A idealização do retorno a um estado paradisíaco, a uma Idade do Ouro perdida, não é uma criação original do “antropófago de cadillac”; está presente em todas as religiões e mitologias, e teve desdobramentos no pensamento ocidental, a partir do Iluminismo, nas utopias socialistas do século XIX e em movimentos sociais de cunho messiânico. Oswald reconhece esta herança: “Queremos a Revolução Caraíba. Maior que a Revolução Francesa. A unificação de todas as revoltas eficazes na direção do homem. (…) Filiação. O contato com o Brasil Caraíba. Ori Villegaignon print terre. Montaigne. O homem natural. Rousseau. Da Revolução Francesa ao Romantismo, à Revolução Bolchevista, à Revolução Surrealista e ao bárbaro tecnizado de Keyserling. Caminhamos” (do Manifesto Antropófago). Diferente das construções ideológicas que subordinavam a ideia da redenção social à redução do indivíduo, porém, Oswald culmina a sua utopia com a afirmação anárquica da emancipação sexual, sob a forma política do matriarcado: “Contra a realidade social, vestida e opressora, cadastrada por Freud — a realidade sem complexos, sem loucura, sem prostituições e sem penitenciárias do matriarcado de Pindorama” (idem). A ciranda antropofágica de Oswald de Andrade, porém, teve vida curta, assim como a sua Revista de Antropofagia: em 1929, o crash da Bolsa de Nova Iorque provoca uma crise na economia brasileira e, em 1931, ele e sua nova musa, Patrícia Galvão (a Pagu), filiaram-se ao Partido Comunista do Brasil (que na época adotava a sigla PCB), e a pajelança pelo matriarcado é substituída pelo ideal da revolução proletária, sob a batuta da III Internacional. Serafim Ponte Grande, publicado em 1933, é o ritual de passagem do “sarampão antropofágico” ao engajamento comunista Este romance paradoxal é construído como uma sequência de episódios de diário sentimental, com inserções paródicas e metalinguísticas que abalam o próprio conceito de romance.
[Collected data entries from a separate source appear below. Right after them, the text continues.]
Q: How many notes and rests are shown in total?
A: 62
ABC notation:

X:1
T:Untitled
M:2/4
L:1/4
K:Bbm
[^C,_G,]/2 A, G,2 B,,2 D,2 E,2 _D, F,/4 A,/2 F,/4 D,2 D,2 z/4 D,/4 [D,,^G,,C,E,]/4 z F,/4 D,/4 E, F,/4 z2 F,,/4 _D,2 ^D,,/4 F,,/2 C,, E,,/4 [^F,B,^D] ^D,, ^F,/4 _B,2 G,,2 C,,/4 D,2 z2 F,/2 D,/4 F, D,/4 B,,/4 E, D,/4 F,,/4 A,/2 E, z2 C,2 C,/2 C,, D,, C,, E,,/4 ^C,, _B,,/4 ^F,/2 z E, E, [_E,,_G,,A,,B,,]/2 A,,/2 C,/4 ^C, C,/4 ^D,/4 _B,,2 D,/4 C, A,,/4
Como diz Haroldo de Campos, “o Serafim é um livro compósito, híbrido, feito de pedaços ou ‘amostras’ de vários livros possíveis, todos eles propondo e contestando certa modalidade do gênero narrativo ou da assim dita arte da prosa”. Essa desarticulação do raconto, que incorpora ainda procedimentos microestéticos já vistos em Miramar, como o “estilo cubista, metonímico” (HC) que dilui as fronteiras entre a prosa e a poesia, desemboca no questionamento da própria idéia de livro. Sob outra abordagem, a temática do Serafim, que culmina na metáfora da viagem permanente, já presente nos textos de Marx, e no “nudismo transatlântico”, expõe a faceta libertária do projeto antropofágico, quatro décadas antes da revolução sexual. O romance foi escrito em 1928, sob o influxo direto da Antropofagia, mas sua publicação só aconteceu cinco anos depois, quando Oswald de Andrade já decidira ingressar nas fileiras da militância revolucionária marxista. O prefácio de Serafim é um verdadeiro manifesto, em que o autor se despede do ideário canibal-vanguardista e declara sua nova profissão de fé: “A situação ‘revolucionária’ desta bosta mental sul-americana apresentava-se assim: o contrário do burguês não era o proletário — era o boêmio! As massas, ignoradas no território e como hoje, sob a completa devassidão econômica dos políticos e dos ricos. Os intelectuais brincando de roda. De vez em quando, davam tiros entre rimas. (…) O movimento modernista, culminado no sarampão antropofágico, parecia indicar um caminho avançado. São Paulo possuía um poderoso parque industrial. (…) Eis porém que o parque industrial de São Paulo era um parque de transformação. Com matéria-prima importada. Às vezes originária do próprio solo nosso. Macunaíma. (…) Enquanto os padres, de parceria sacrílega, em São Paulo, com o professor Mário de Andrade e no Rio com o robusto Schmidt, cantam e entoam, nas últimas novenas repletas do Brasil: ‘No céu, no céu, com sua mãe estarei’ eu prefiro simplesmente me declarar enojado de tudo. E possuído de uma única vontade. Ser pelo menos, casaca de ferro da Revolução Proletária”.